++++ Data records ++++
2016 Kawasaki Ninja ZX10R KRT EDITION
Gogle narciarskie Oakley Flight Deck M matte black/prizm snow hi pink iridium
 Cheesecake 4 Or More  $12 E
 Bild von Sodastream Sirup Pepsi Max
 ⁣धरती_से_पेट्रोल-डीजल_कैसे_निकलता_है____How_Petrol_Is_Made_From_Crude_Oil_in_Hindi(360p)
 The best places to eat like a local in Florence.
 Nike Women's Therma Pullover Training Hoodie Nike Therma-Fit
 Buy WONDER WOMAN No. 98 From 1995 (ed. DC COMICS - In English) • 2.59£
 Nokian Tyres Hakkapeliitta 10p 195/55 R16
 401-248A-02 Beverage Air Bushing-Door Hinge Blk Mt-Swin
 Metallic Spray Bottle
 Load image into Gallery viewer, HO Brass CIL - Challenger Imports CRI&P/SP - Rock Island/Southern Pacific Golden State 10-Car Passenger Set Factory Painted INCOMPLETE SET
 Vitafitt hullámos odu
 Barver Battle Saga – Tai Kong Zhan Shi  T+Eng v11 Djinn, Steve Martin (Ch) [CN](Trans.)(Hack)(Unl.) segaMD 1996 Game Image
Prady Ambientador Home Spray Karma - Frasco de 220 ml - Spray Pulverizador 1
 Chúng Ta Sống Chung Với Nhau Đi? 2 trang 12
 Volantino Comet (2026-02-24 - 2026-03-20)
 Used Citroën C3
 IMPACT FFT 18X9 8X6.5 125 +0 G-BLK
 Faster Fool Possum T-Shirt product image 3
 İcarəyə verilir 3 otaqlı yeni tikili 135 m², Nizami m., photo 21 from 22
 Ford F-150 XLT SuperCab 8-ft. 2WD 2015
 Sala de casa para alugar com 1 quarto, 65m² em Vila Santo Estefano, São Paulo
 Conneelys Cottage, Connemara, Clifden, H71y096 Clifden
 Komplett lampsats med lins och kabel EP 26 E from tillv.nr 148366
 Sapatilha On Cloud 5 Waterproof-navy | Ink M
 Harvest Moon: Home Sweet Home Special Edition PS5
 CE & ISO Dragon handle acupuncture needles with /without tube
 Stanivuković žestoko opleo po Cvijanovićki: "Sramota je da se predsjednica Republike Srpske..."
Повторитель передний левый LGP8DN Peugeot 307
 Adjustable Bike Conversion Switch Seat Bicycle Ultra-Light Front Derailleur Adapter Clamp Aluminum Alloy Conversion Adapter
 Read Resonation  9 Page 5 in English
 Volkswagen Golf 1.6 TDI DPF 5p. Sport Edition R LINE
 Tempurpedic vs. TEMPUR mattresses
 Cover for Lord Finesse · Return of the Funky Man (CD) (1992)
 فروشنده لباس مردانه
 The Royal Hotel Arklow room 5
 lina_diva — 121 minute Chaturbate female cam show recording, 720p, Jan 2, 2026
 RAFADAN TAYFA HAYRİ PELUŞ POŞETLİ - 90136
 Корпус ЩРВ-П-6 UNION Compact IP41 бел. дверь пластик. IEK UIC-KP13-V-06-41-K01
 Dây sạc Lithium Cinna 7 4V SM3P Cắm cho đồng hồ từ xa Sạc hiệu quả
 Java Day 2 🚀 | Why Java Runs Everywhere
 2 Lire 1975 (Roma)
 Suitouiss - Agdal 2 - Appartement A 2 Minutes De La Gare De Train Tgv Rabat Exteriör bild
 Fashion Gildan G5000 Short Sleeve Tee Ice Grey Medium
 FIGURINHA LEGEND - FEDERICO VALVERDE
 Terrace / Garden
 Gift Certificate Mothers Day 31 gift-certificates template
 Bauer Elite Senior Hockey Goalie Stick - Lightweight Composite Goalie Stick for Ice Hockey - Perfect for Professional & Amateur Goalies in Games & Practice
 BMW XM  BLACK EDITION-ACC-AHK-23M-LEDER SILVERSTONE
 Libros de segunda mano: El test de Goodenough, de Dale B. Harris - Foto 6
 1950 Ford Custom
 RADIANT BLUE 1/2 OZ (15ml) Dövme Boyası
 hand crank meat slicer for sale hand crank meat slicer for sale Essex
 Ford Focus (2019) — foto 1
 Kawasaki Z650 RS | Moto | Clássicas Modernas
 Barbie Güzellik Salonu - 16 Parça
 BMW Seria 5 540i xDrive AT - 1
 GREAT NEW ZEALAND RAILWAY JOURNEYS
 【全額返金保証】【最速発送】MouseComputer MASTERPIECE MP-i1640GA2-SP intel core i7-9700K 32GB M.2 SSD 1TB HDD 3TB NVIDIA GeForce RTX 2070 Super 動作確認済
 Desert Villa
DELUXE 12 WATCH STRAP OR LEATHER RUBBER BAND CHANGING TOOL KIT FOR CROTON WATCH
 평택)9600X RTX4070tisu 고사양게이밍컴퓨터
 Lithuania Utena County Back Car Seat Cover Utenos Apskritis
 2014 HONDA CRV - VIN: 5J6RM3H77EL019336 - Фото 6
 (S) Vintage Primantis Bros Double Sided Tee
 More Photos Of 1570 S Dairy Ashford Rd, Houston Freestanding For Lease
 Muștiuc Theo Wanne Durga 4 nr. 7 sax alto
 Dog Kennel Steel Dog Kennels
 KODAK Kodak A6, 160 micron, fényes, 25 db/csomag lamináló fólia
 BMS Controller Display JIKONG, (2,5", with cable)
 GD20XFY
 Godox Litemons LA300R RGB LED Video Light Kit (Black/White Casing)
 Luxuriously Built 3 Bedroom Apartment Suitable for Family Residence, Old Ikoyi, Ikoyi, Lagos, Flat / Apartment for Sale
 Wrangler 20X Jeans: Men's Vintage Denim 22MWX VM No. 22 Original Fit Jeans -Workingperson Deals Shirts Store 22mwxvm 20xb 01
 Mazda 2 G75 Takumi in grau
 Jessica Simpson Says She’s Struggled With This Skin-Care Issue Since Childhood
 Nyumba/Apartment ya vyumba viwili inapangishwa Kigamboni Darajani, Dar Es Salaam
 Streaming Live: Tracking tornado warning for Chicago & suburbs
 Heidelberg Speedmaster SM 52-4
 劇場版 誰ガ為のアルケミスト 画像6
++++
Assigned task - Please go through the listing and return each line that has "Cover" in it.

Written solution -
 Cover for Lord Finesse · Return of the Funky Man (CD) (1992)
 Lithuania Utena County Back Car Seat Cover Utenos Apskritis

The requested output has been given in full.